Nesting sites at risk
In addition to the iced-in intervention, researchers anticipate loons being adversely affected by brash fluctuations in the aquatic ecosystem. “We are seeing an increase in precipitation in the region over the past century and climate models predict this trend will continue,” Wiltse said. “As well as an increase in periods of intense and heavy rainfall.” According to research done by Wiltse and Stager reconstructing hydroclimate variability over the past 1,600 years, the region may see bigger swings between wet and dry conditions under a warmer climate.
Loon nests are vulnerable to sudden shifts in water levels. Strong storms with torrential rain, occurring with more frequency and intensity in the Adirondacks, can drown a nest within hours. “The loons float, but the eggs don’t,” said Jennifer Denny, communication and education coordinator for the loon center. “They tend to nest right at the level of the lake. They evolved to swim well, but not walk. With these intense rain events, they are less likely to have a robust population of chicks.” Surveys show that Adirondack loons typically lay 1-2 eggs per year. “Because loons do not produce a lot of chicks each year, even one egg lost can affect the future of the population,” Denny said.
More about the Loon Center
Learn how the Adirondack Center for Loon Conservation keeps tabs on the park’s population
The center’s next five-year management strategy includes nest rafts, signage, buoys and rope lines around the loon nest sites, Schoch said. The nest rafts have shown success in other regions experiencing similar problems.

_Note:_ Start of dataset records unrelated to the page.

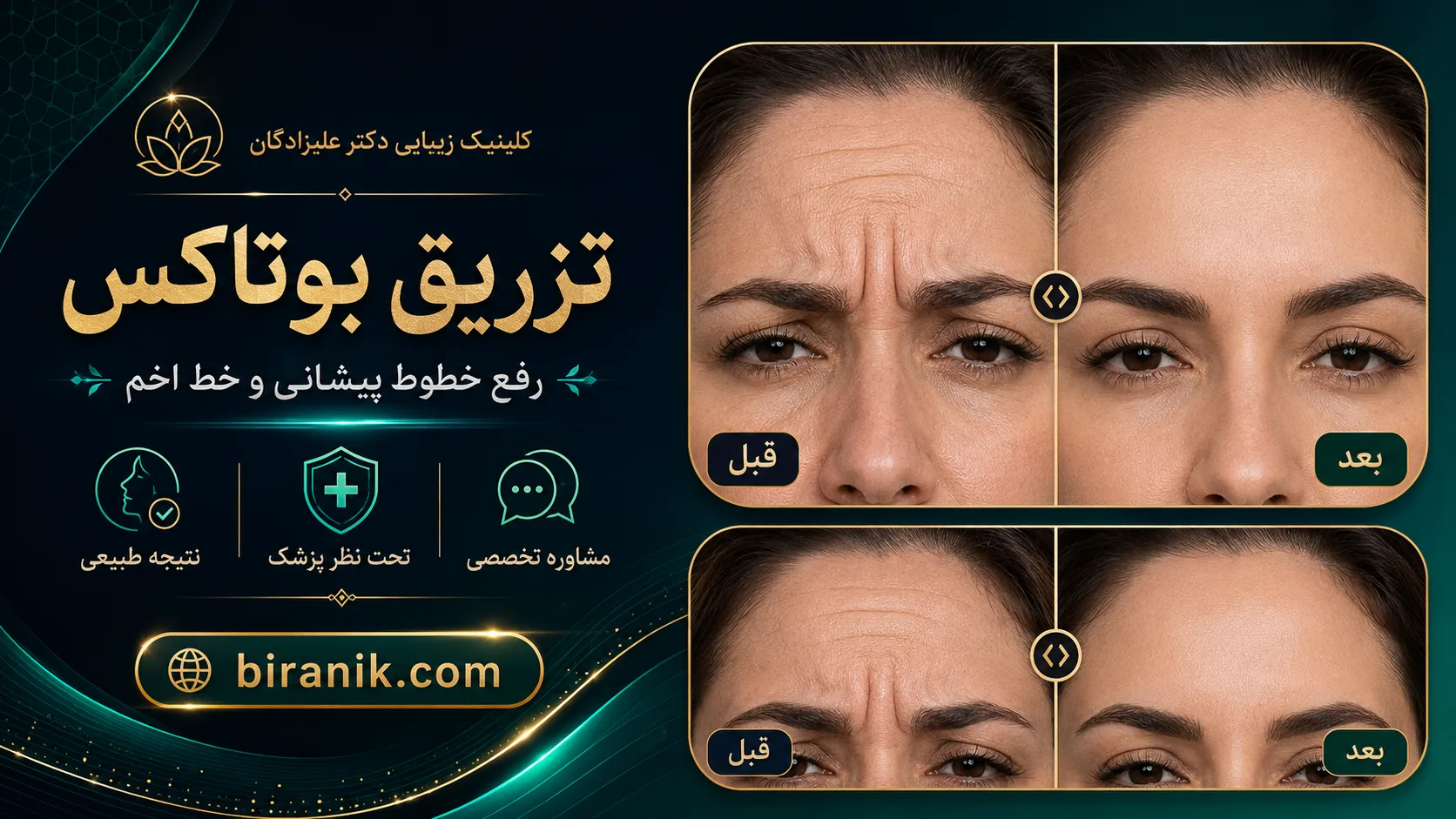 تزریق بوتاکس در مطب دکتر علیزادگان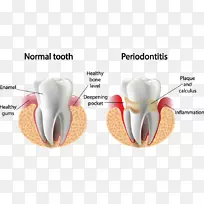 牙周病牙龈炎牙周病牙科学-健康-空若网 牙周病牙龈炎牙周病牙科学-健康-空若网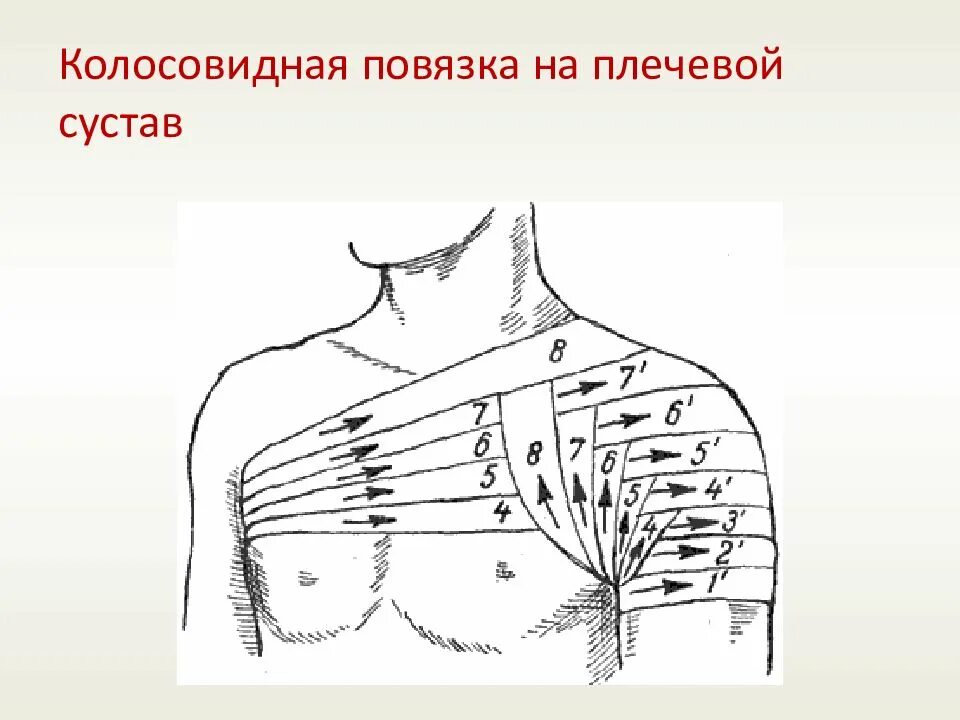 Плечевая повязка алгоритм. Наложение колосовидной повязки на плечевой сустав. Колосовидная повязка на плечо техника. Техника наложения колосовидной повязки на плечо. Перевязка колосовидная на плечо.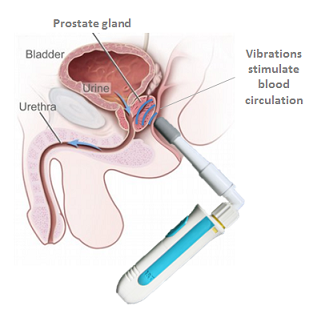Best Prostate Orgasm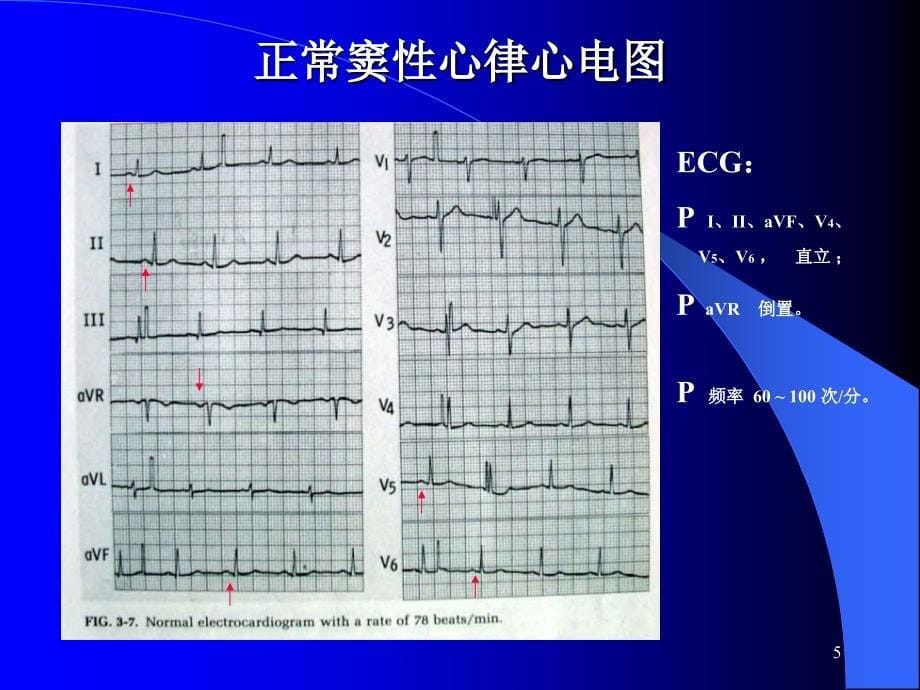 心电图心律失常PPT课件_第5页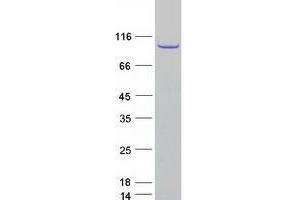 TPX2 Protein (Myc-DYKDDDDK Tag)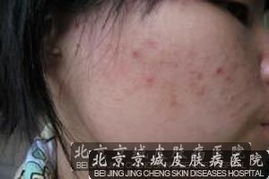 痤瘡,注意事項(xiàng),皮膚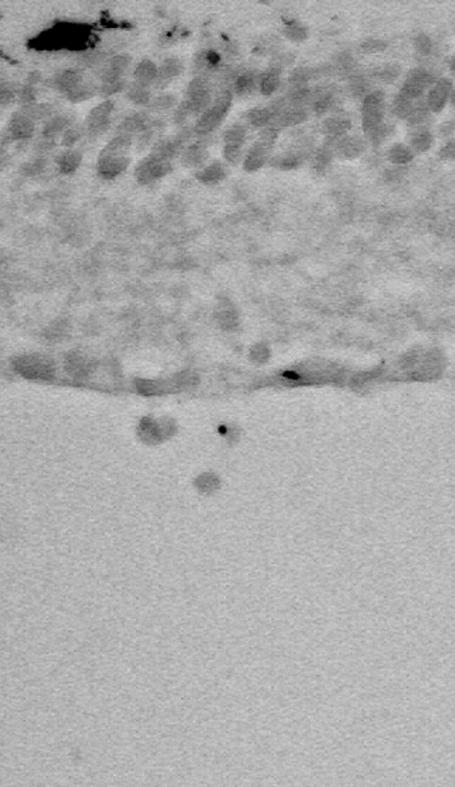 photoreceptor layer; ONL = outer nuclear layer; OPL = outer plexiform layer; INL = inner nuclear layer;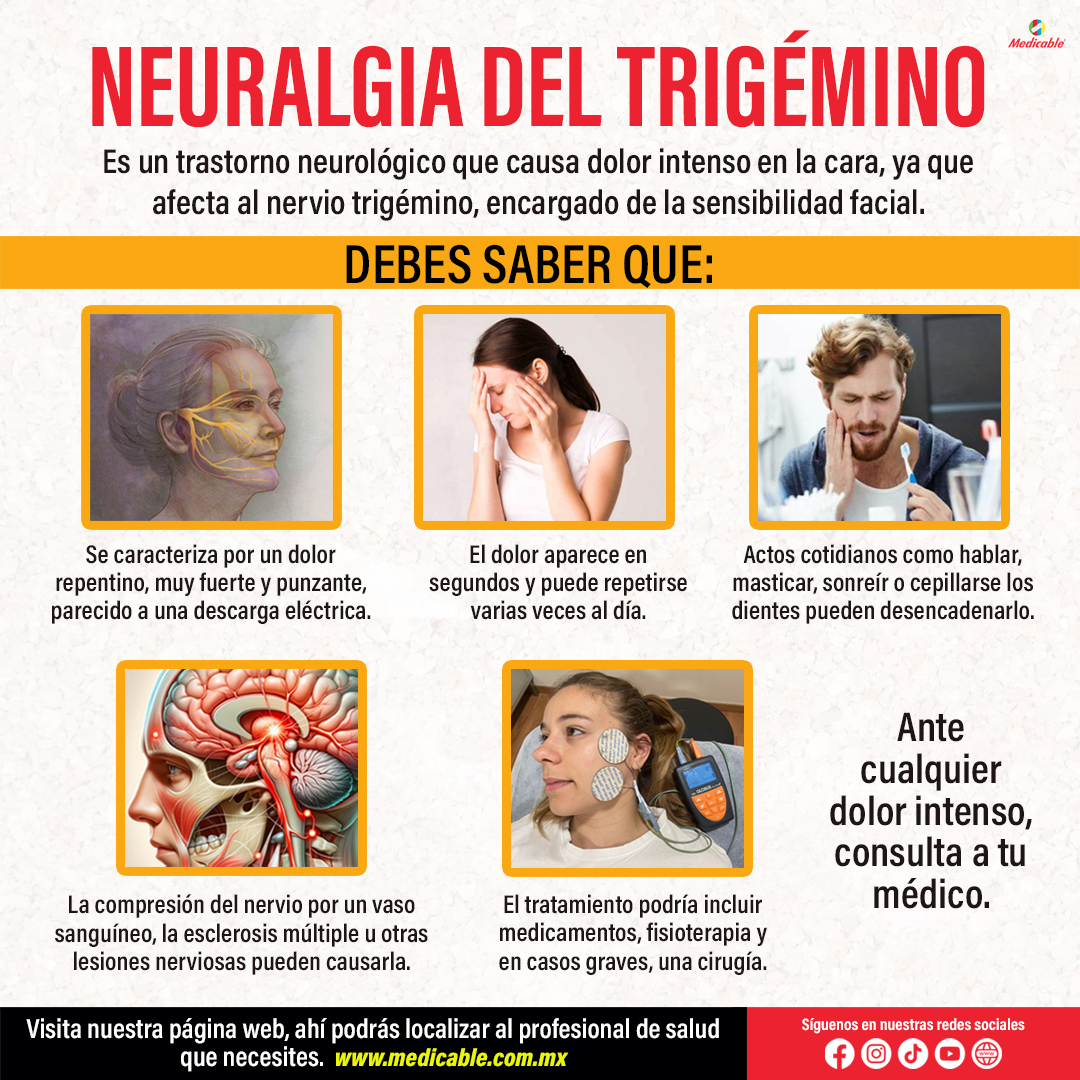 Neuralgia del trigémino.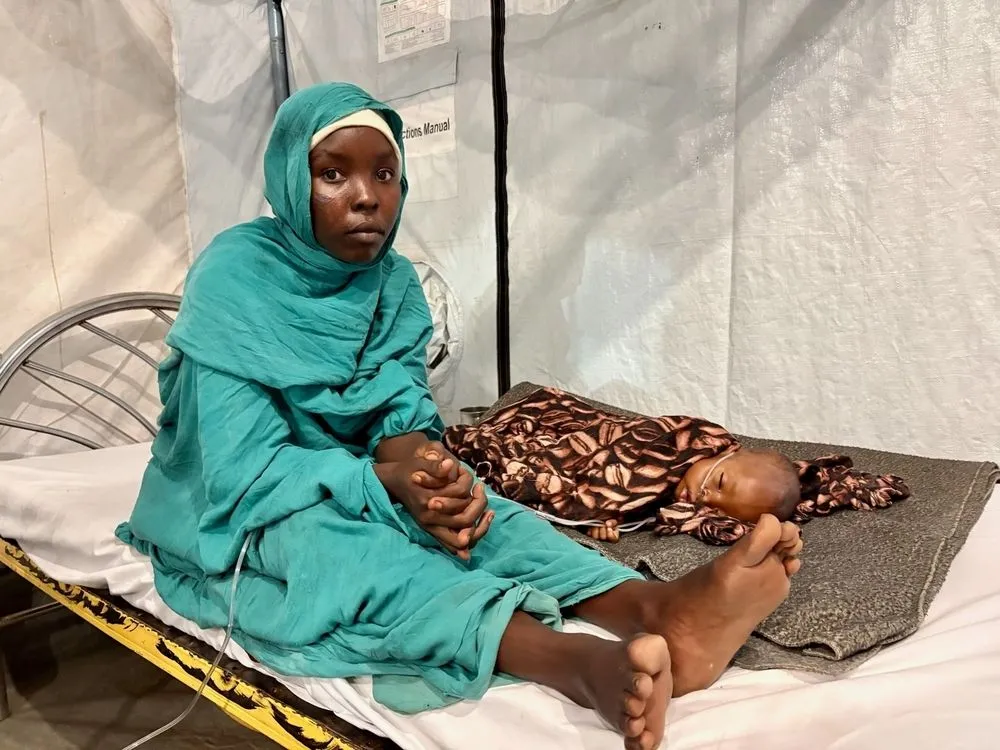 Ο Abdul Mazin Mahmoud, κάτω του ενός έτους, που πάσχει από σοβαρό οξύ υποσιτισμό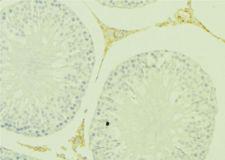 KLK5 / Kallikrein 5 Antibody - 1:100 staining mouse testis tissue by IHC-P. The sample was formaldehyde fixed and a heat mediated antigen retrieval step in citrate buffer was performed. The sample was then blocked and incubated with the antibody for 1.5 hours at 22°C. An HRP conjugated goat anti-rabbit antibody was used as the secondary.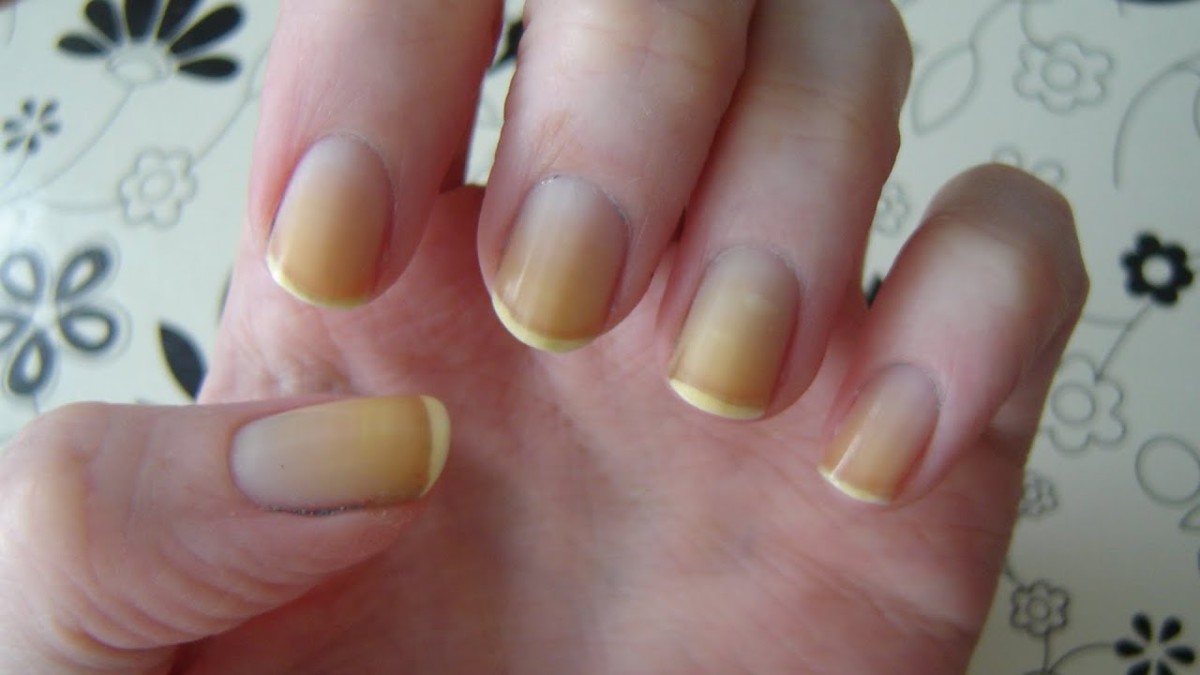 Yellow Nail Syndrome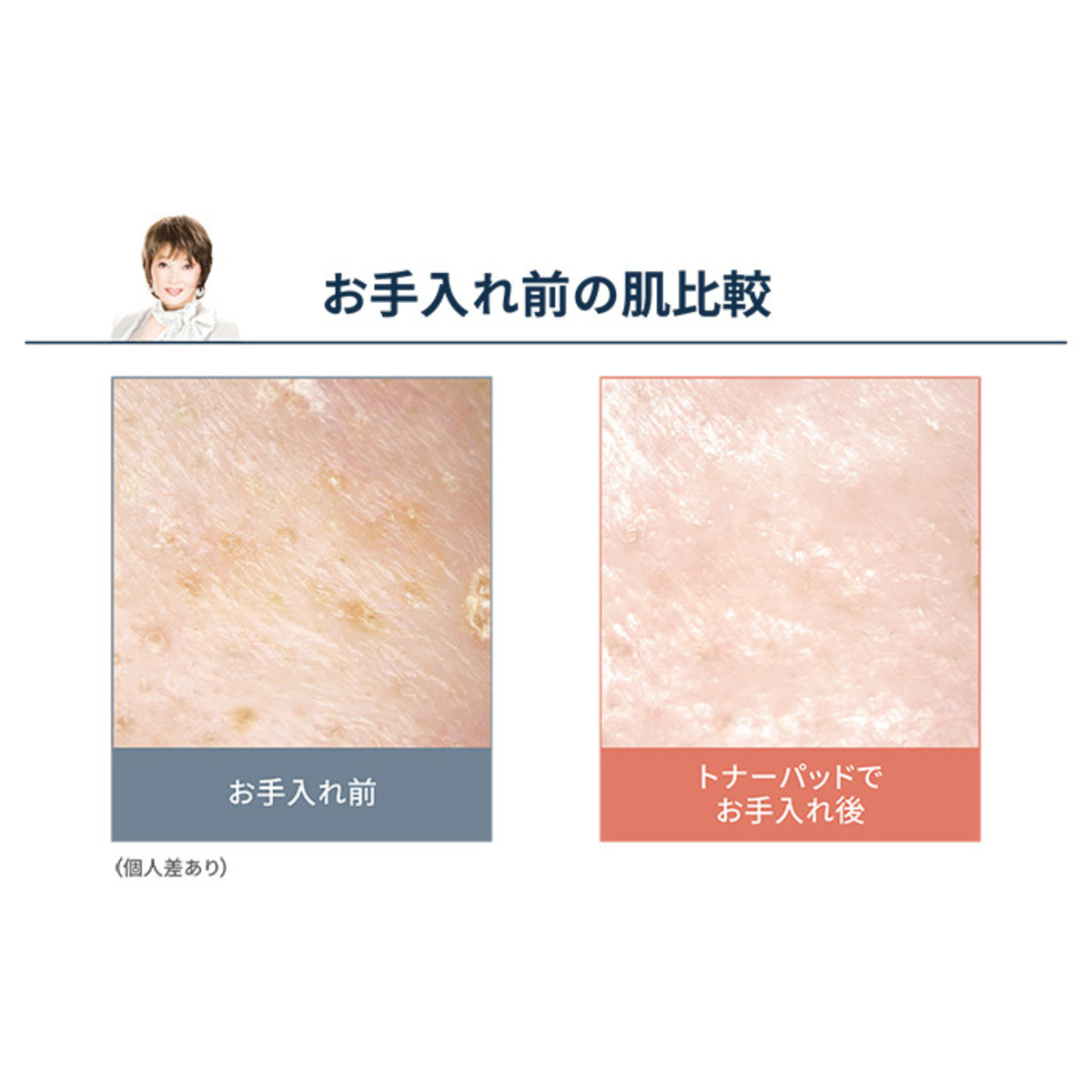 たかの友梨エステファクト トナーパッド2個セット たかの友梨エステ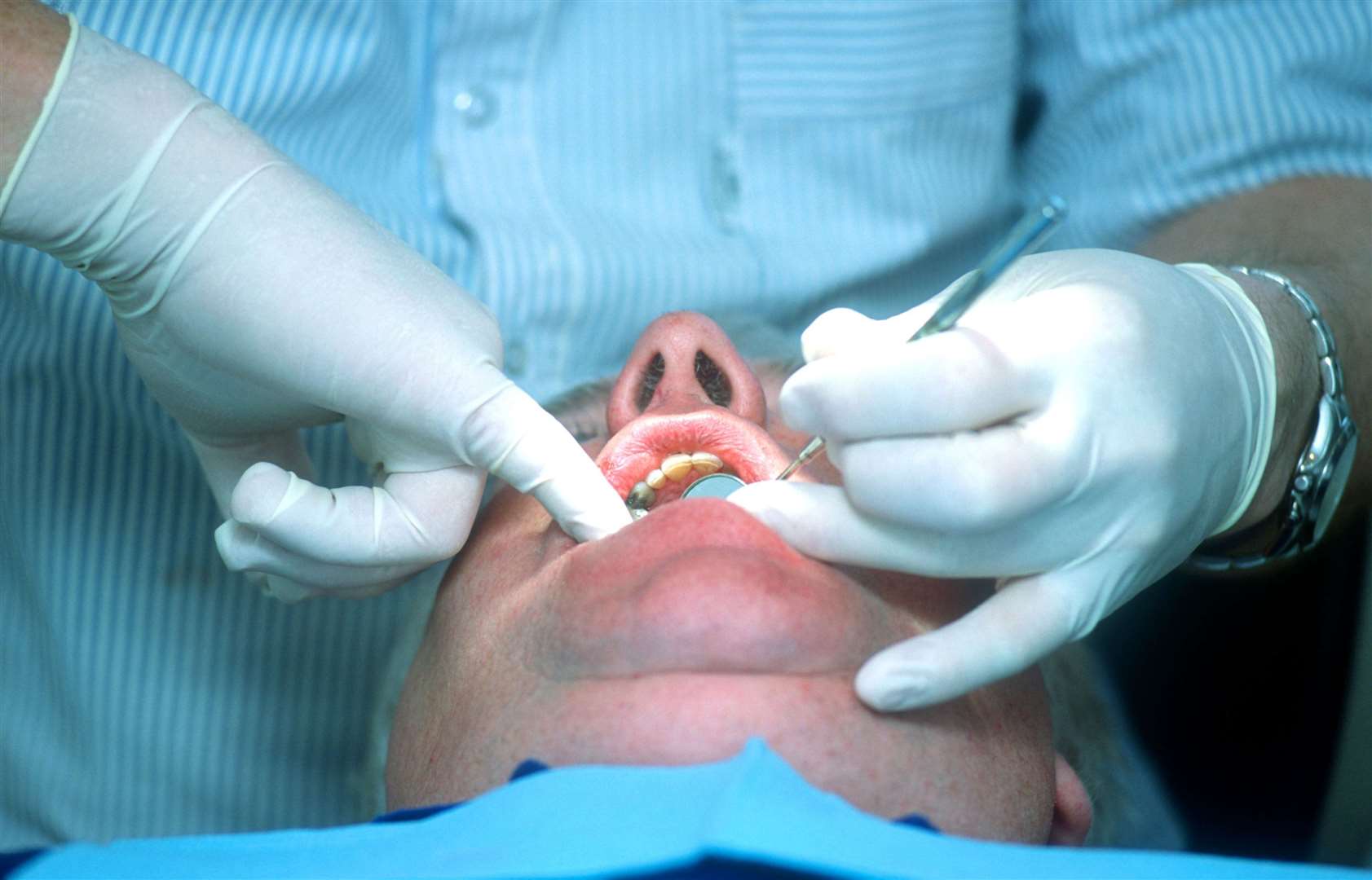 MPs have heard that patients are traveling hundreds of miles to find an NHS dentist (Alamy/PA)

Paul Smith’s Adirondack Watershed Institute is working on building a lake level monitoring network to better understand how climate change is impacting lake levels moving forward.
“When you protect the loon, you protect the ecosystem,” Denny explained. “They are a biological indicator for Adirondack waterbodies.” In the past, sick loons alerted community members to toxic levels of mercury in the water due to atmospheric deposition. Methylmercury bioaccumulates in the birds’ bodies, acting as a neurotoxin.
The center launched its Loon-Friendly Lake Certification Program which “promotes community-based environmental stewardship to better protect loons and their aquatic habitats” – offering ways for the public to directly report threats and to take action in their backyards through citizen science initiatives.
“People gravitate toward loons,” Denny said. “I think a lot of it has to do with past success addressing the mercury problem. Their comeback from that is representative of how people can change their act.”
“They are such a part of the North Country experience,” Denny added. “If you ever hear them call at night, you associate it with good memories. They are important to people’s personal histories.”